Dataset records section start

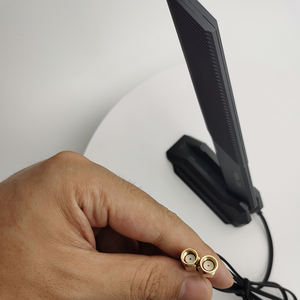 <span class=keywords><strong>Antena</strong></span> Magnética Multibanda WiFi6e 2.4G/5G/6G 2T2R Original, Tarjetas de Red PCI-E <span class=keywords><strong>GIGABYTE</strong></span> MSI ASRock, <span class=keywords><strong>Antena</strong></span> de Comunicación 5G - Product Image 6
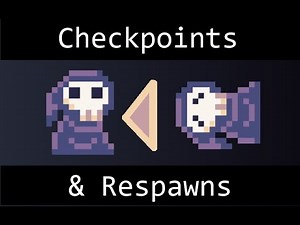 Unity: Respawn y Checkpoints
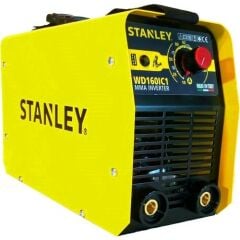 Stanley WD160IC1 İnverter Kaynak Makinesi 160 Amper Wd160ic1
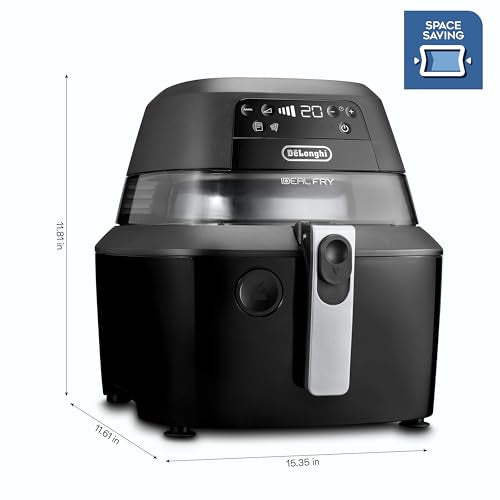 Rapid Crisp Air Fryer (FH2394)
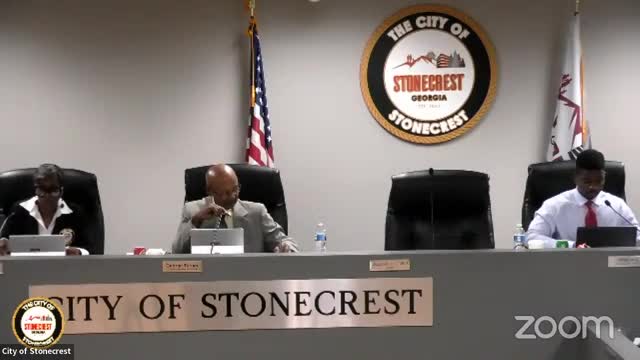 Council debates controversial rezoning for commercial development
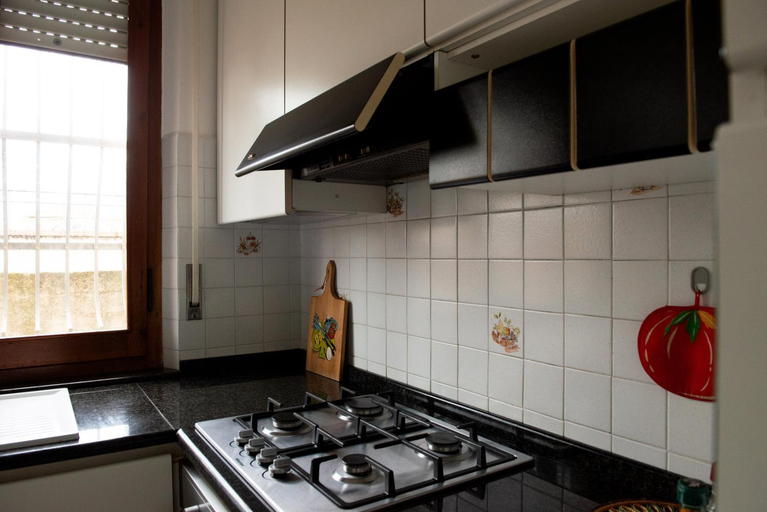 Others 5, La Rosa rooms & holiday home, Fermo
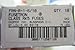 NEW BUSSMANN FRN-R-1-6/10 FUSES BOX OF 10 FRNR1610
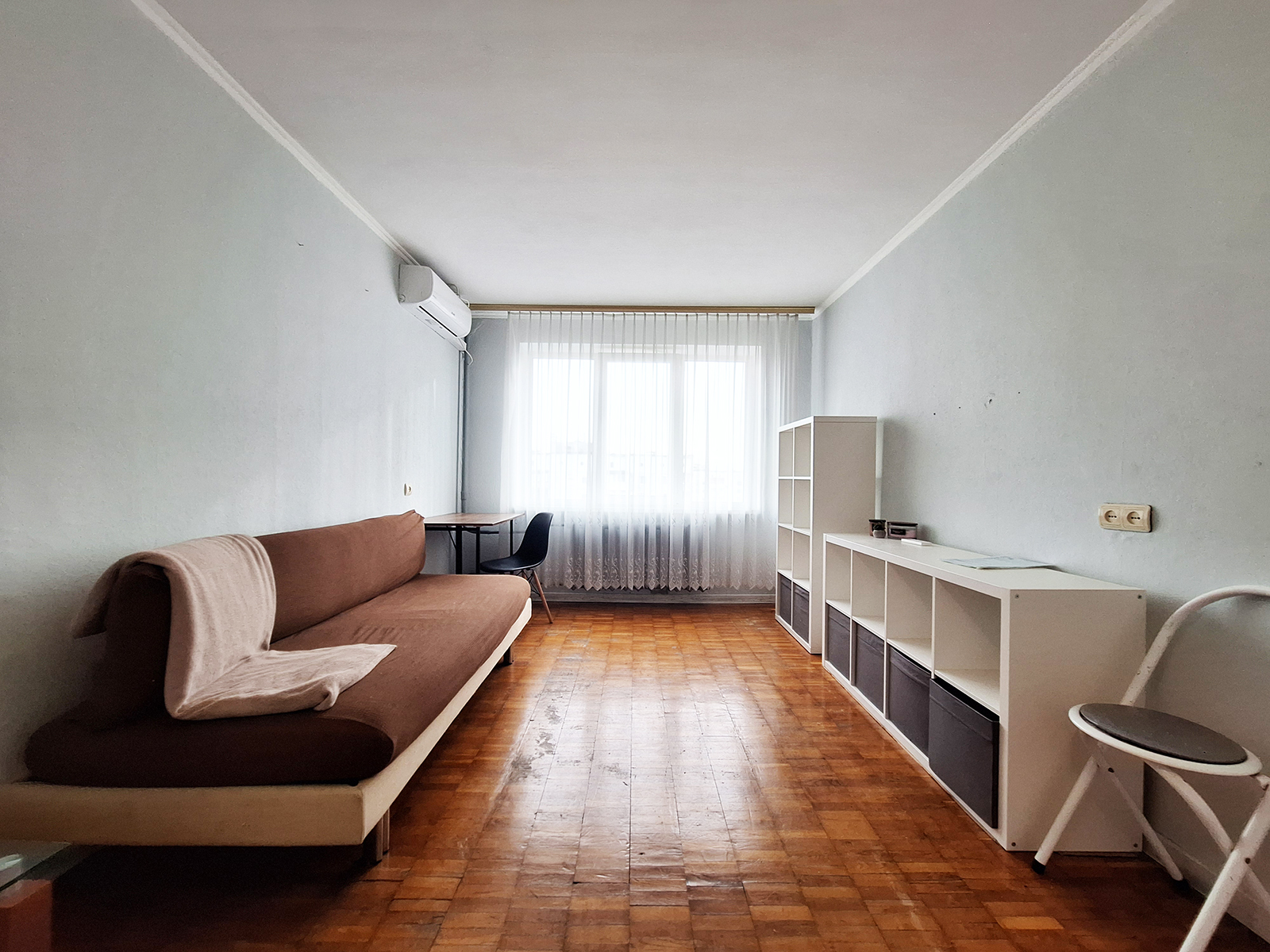 Оренда 1-кімнатної квартири 35 м², Оболонський просп., 18В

Dataset records section end

> _Try it_: Starting from the first line of the entries above, print each line exactly until the line containing "Stanley WD160IC1 İnverter" has been printed, and skip the pictures.

> _Final answer_:
 <span class=keywords><strong>Antena</strong></span> Magnética Multibanda WiFi6e 2.4G/5G/6G 2T2R Original, Tarjetas de Red PCI-E <span class=keywords><strong>GIGABYTE</strong></span> MSI ASRock, <span class=keywords><strong>Antena</strong></span> de Comunicación 5G - Product Image 6
 Unity: Respawn y Checkpoints
 Stanley WD160IC1 İnverter Kaynak Makinesi 160 Amper Wd160ic1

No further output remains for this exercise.